Up until then, I thought we just needed to make more money to really get things moving. But what I needed was peace of mind and stability. And while on the surface, the entrepreneurial life doesn’t seem to award that too quickly, it’s something that we have the freedom to create and pursue.
So I started giving myself a paycheque. Up until that point I would scrape whatever was left, taking a few hundred bucks here and there to pay my bills or put a payment on my credit card that I’d used to buy shoes I didn’t need (because when you’re 20, you think that credit cards are magic money.)
Paying myself first, having a clear and specific monthly income was the beginning of feeling professionally stable. It’s a lot harder to navigate the ups and downs of running a company if those ups and downs impact your basic necessities. With this as my bottom line, knowing I’d have food in my fridge and my rent paid, it gave me a great capacity to roll with the wild times. When I’d review the expenses or look for what to cut, it wasn’t my paycheque. Paying myself first kept me rooted while I developed my resourcefulness and courage.
Being in survival mode undercuts the joy in coming up with creative solutions. We need the space to breathe and believe, to study and sit and ask and listen.
This lesson applies everywhere. If you’ve got yours, it’s easier to thrive. It’s not only the ‘pay yourself first’ policy, it’s also the ‘put your oxygen mask on first’ policy, or what I’m now changing to the ‘Make Sweet Love to Yourself First’ policy. I’m not referring to masturbation here. Although I could be. Let me ‘splain myself…
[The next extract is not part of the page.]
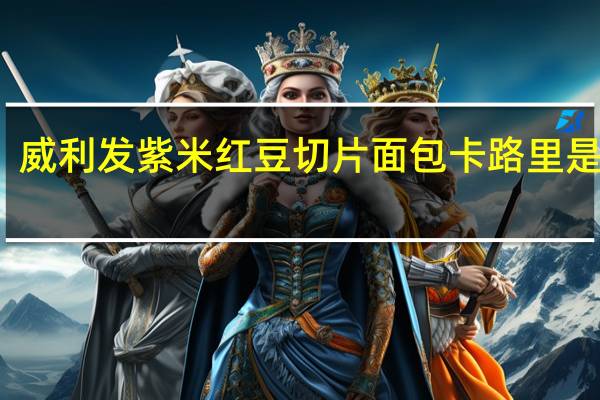 威利发 紫米红豆切片面包卡路里是多少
If I go too long without writing, I become up-tight and neurotic. If I go too long without meditating, the habitual flutters of my mind start to run the human and the quality of my presence diminishes. If I go too long without practicing yoga, I start to dissociate from my body and become overly identified with my mind. If I go too long without the company of trees, I ascribe meaning and significance to the superficial and lose the plot a little.
These are the primary ways I make sweet love to myself. If I’m writing, practicing and getting outside, the rest flows however it does and I have the resources to deal. But here’s the tricky part, the part that takes me out at the knees. When uncertainty arises, when change occurs, when life circumstances start to heat up, the mind says to leave these for now and attend to the urgencies before me.
Just like in the early days when money owed had one more zero than the coin coming in and it really, really felt like I should I shouldn’t pay myself, this fast-paced, distraction-rich world of ours will say there’s no time for what you love most. The voices in your head will back that up. Perhaps they’ll tell you that you don’t deserve it or you’re not good enough. They’ll tell you that you haven’t earned it yet, that you’ll be able to prioritize what nourishes you once you get through this time or that deadline. They’ll tell you that it’s frivolous or lazy or indulgent or won’t really get you to the rung of the ladder you’re supposed to care about.
Learning to love ourselves, to make it a priority, to be kind and create boundaries around ensuring that we really get what loves us up, turns us on and gets us off, on the deepest level, is a culturally underdeveloped life skill. It should have the same priority and be as automatic as brushing your teeth.
So what’s your love? Are you doing it? Are you allowing yourself what you most yearn to receive? Take the paycheque, breathe the oxygen, make sweet, sweet love to yourself. Then, and only then, can the rest of what you’re doing bring you the value you’re intending.